Michael Pettis is a finance professor at the Guanghua School of Peking University and Senior Associate at the Carnegie Endowment for International Peace. He joined Peking University in 2004 after teaching two years at Tsinghua University. His research focuses mainly on the financial markets in China, global trade and capital flows, and central banking.
Before moving to China in 2002 Pettis spent fifteen years on Wall Street running fixed-income trading and capital markets desks. He spent the last nine of those years also teaching graduate courses in Emerging Markets, Fixed-income Arbitrage, and Financial History at Columbia University. He was Managing Director and ran the Liability Management and Latin American Capital Markets groups at Bear Stearns. Before that he started and ran the Latin American fixed income trading and capital market desks at CSFB, having started his career in 1988 trading restructured sovereign loans at Manufacturers Hanover (now JP Morgan). During this time he has advised the Mexican government on the privatization of the national banking system, the Macedonian government on its commercial bank debt restructuring, the South Korean government on its 1998 commercial bank debt restructuring, and various Latin American governments on their debt issuance strategies.

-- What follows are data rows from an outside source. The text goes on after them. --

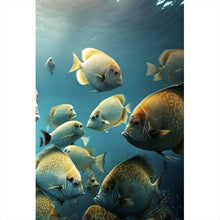 Lade das Bild in den Galerie-Viewer, Aluminiumbild Fischschwarm in einer Unterwasserwelt Hochformat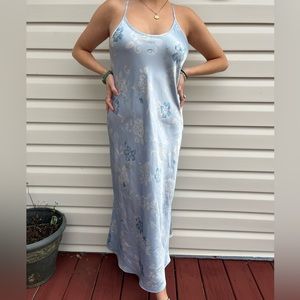BLUE SILK SATIN SLIP DRESS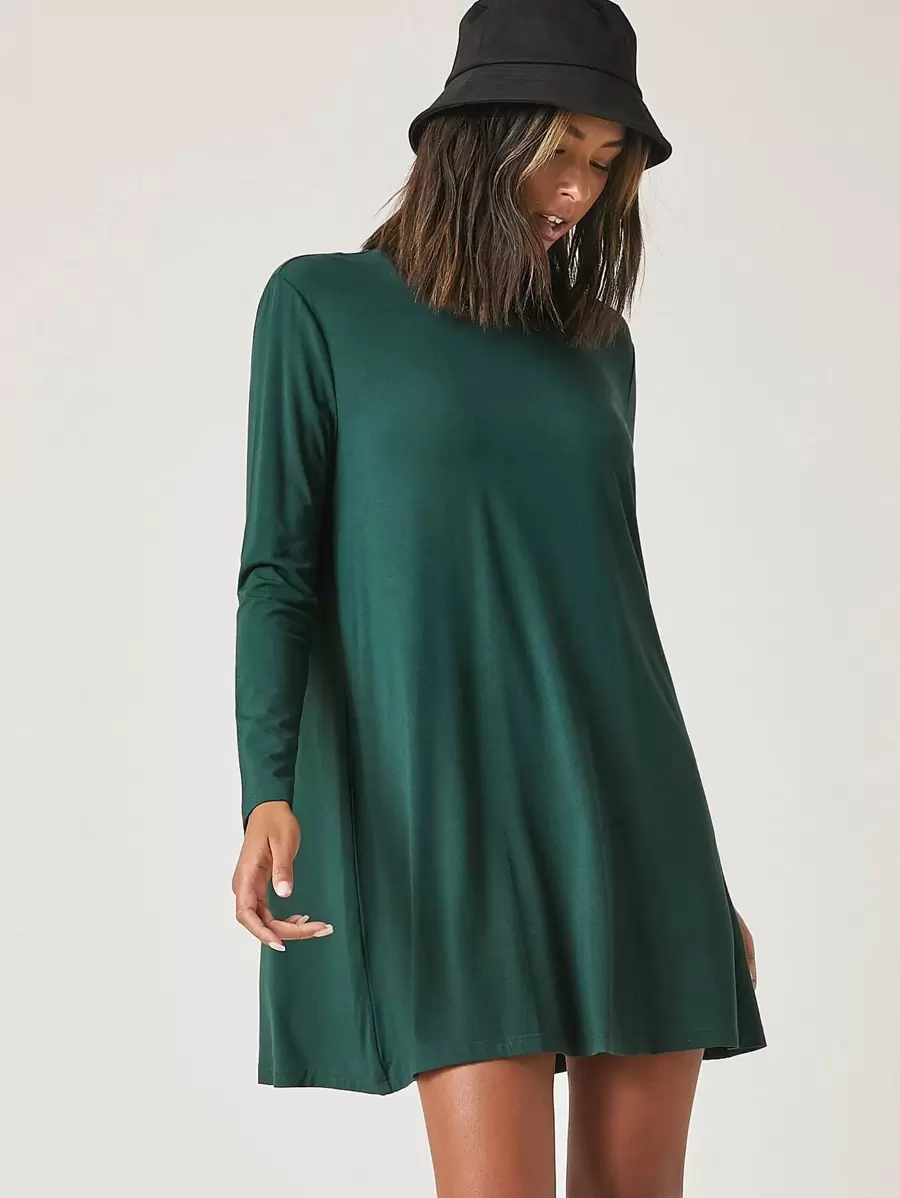SHEIN BASICS Mock-neck Tee Dress - Dark Green - View 1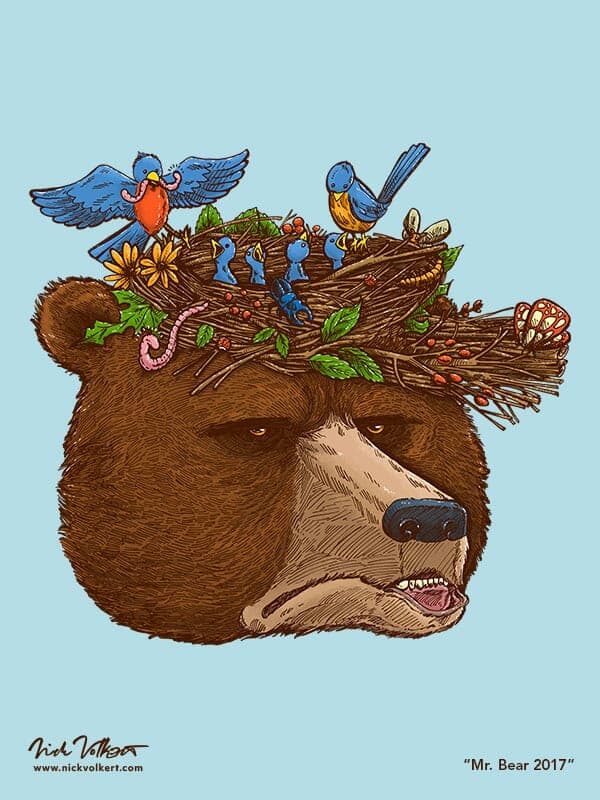 Mr. Bear 2017 | Nick Volkert A bear is annoyed while wearing a hat that is also a bird's nest.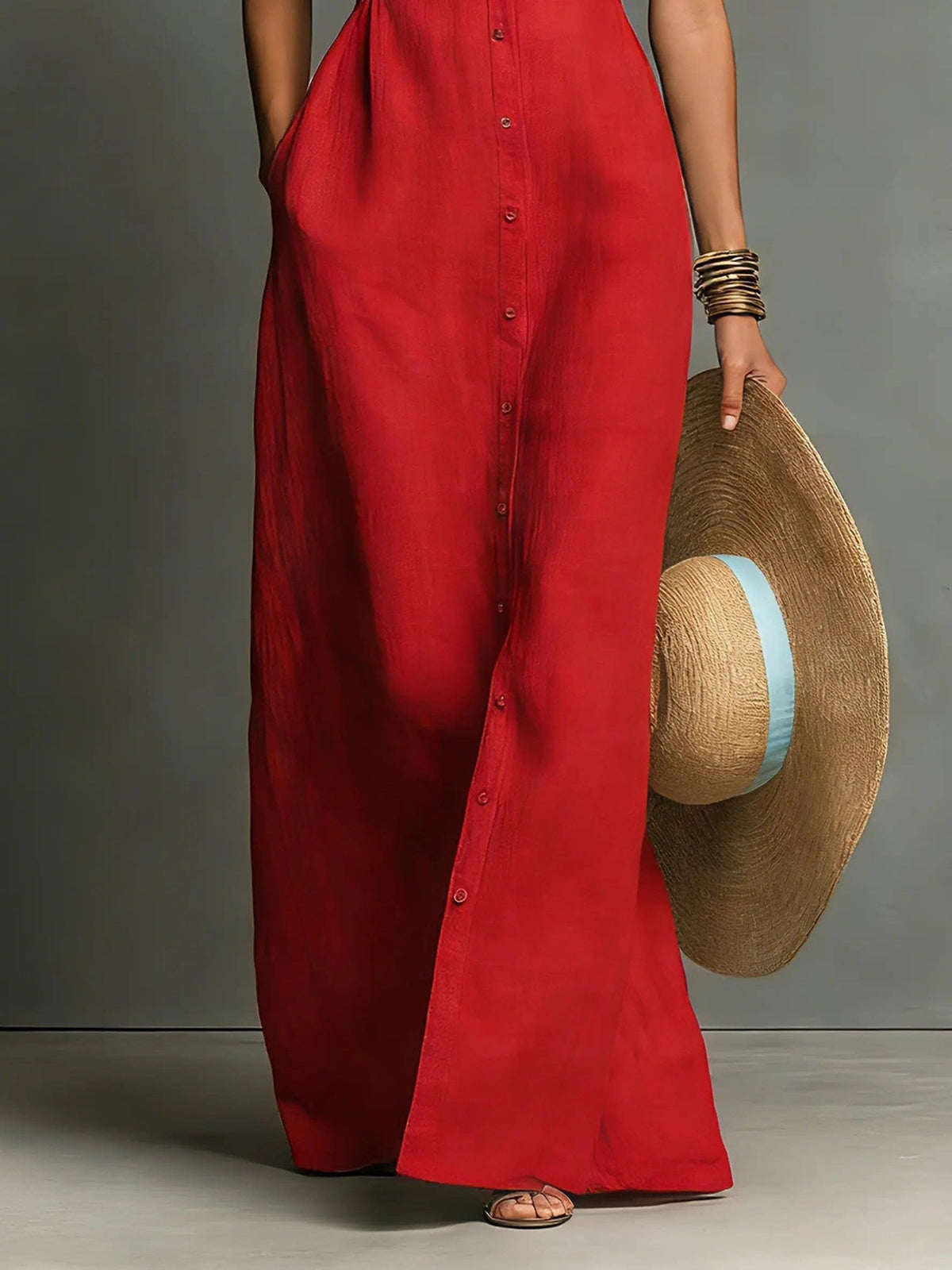 Anaelle Button Front Sleeveless Maxi Shirt Dress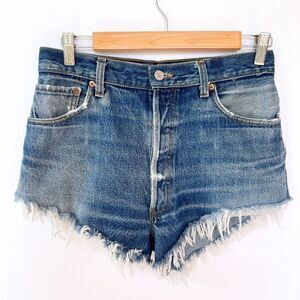 Levi's Denim Jean Shorts Frayed Raw Hem 100% Cotton Medium Wash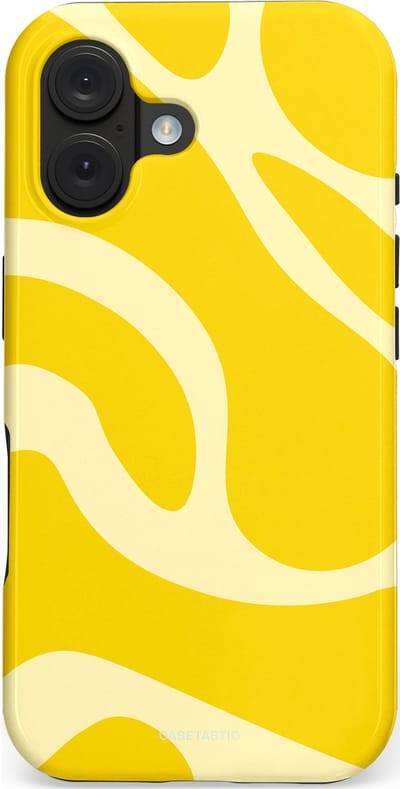 Casetastic Hoesje Geschikt voor Apple iPhone 16 Magsafe - Stijlvolle Beschermende Duo-layer Case - Citroen Gele Zonnestraal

Pettis publishes a blog, China Financial Markets, which was ranked by the Wall Street Journal as one of the top fifteen economic blogs worldwide, and is one of the reasons cited by Bloomberg-BusinessWeek for including him in its 2016 listing of The 50 Most Influential People In The World Of Finance. Pettis has published widely, including for Foreign Affairs, Foreign Policy, World Policy Journal, Far Eastern Economic Review, Columbia Journal of World Business, Harvard Business Review, Wilson Quarterly, Financial Times, The Wall Street Journal, Newsweek, Caijing, and several other leading periodicals. His most recent book, Avoiding the Fall: China's Economic Restructuring, (Carnegie Endowment for International Peace, 2013), was selected by the Financial Times as one of the top ten books on business and economics in 2013. He is also the author of The Great Rebalancing: Trade, Conflict and the Perilous Road Ahead for the World Economy (Princeton University Press, 2013), After the Fall: The Future of Global Cooperation, (Geneva: ICMBS, 2012, co-authored with Jeffrey Frieden, Dani Rodrik and Ernesto Zedillo), Is China Vulnerable? The Causes and Consequences of Financial Fragility (Tsinghua University Press, 2003), The Volatility Machine: Emerging Economies and the Threat of Financial Collapse (Oxford University Press, 2001), and Managing Sub-Investment Grade Sovereign Risk (Euromoney Press, 1997). He received an MBA in Finance and an MIA in Development Economics from Columbia University.